Well if he did end up dying stuck on that tree, what a long miserable way to die.


----------



## Bassnpro1 (Apr 6, 2004)

Stampede said:


> I know you don't know me but if you did you would not think that.



I never once thought that you put the deer up on the tree. But I would put alot of my money on someone else hanging the deer there. But we will never know for sure. Sure is an interesting find in the woods.


----------



## Magilla (Apr 15, 2005)

My money is on someone putting it there. If you look at the first picture the deers back legs would have been on the ground with room to spare!
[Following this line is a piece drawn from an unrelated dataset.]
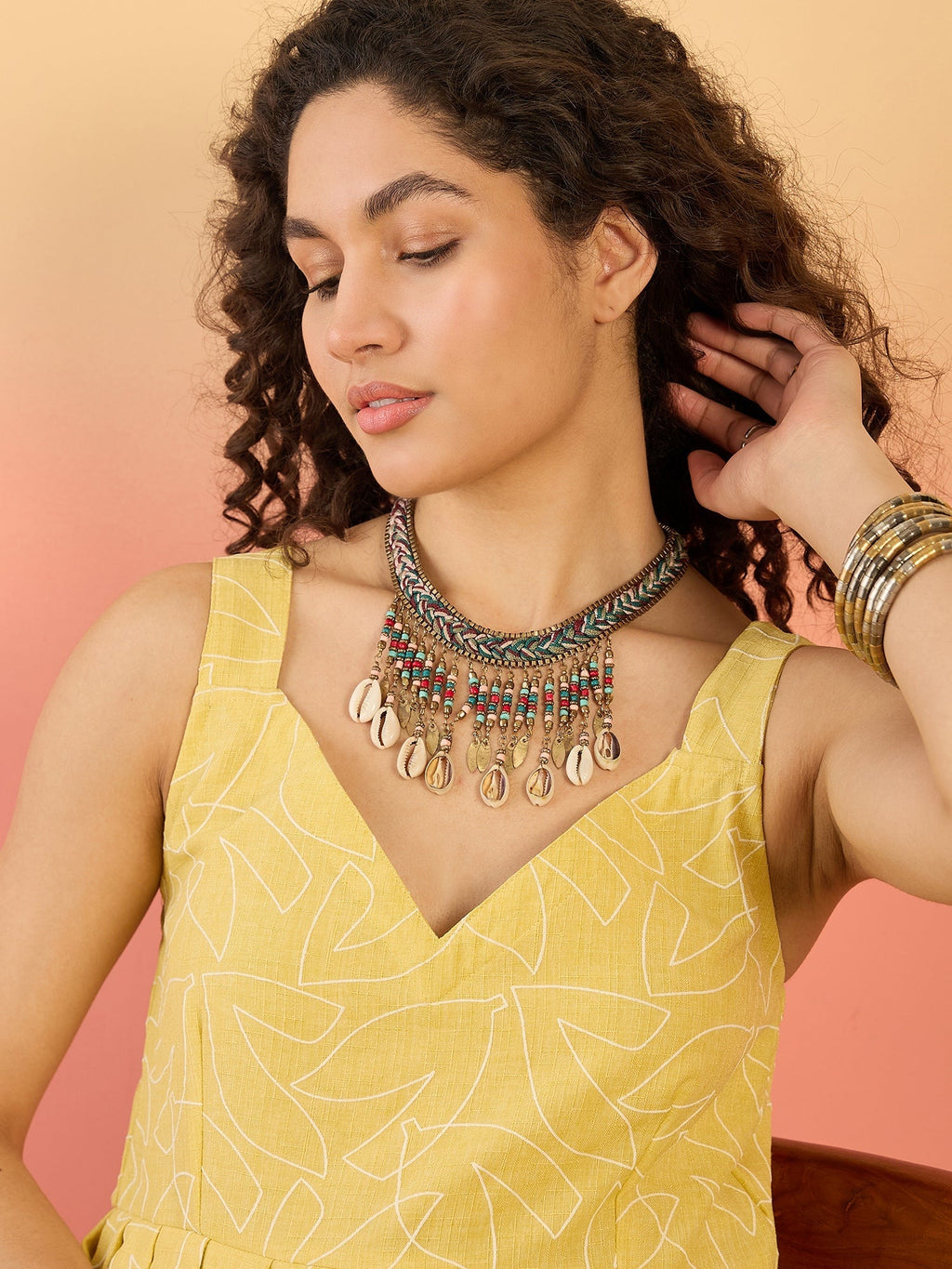 InWeave Light Yellow Rubber Sweetheart Dress | Grocsy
His rack is not stuck to the point that if he pushed up and jumped he would have easily gotting free. Just my opinion.


----------



## M.Magis (Apr 5, 2004)

Was there a rather large &#8220;hole&#8221; under the carcass where the deer kicked? If not, someone hung it there.


----------



## ShutUpNFish (Apr 17, 2007)

First, that thing would freak me out if I walked up to it in the woods! Second, why would anyone hang a deer up like that? Besides, it looks pretty high and would not only be a heavy lift but probably too high to reach. There are many scenarios to go along with this, but its pretty cool how it provokes your imagination to think of the possibilities. Sad nonetheless, but awesome photo and deer. I envision two bucks fighting and this one jumping up and getting caught up in the tree. I would take it or someone else will. Nothing ethically wrong with taking those antlers home! Theres nothing illegal about hunting sheds from dead deer or possesing them.


----------



## M.Magis (Apr 5, 2004)

ShutUpNFish said:


> Theres nothing illegal about hunting sheds from dead deer or possesing them.


Actually, there is. A game warden would have to provide a tag to legally keep them.


----------



## Mushijobah (May 4, 2004)

M.Magis said:


> Actually, there is. A game warden would have to provide a tag to legally keep them.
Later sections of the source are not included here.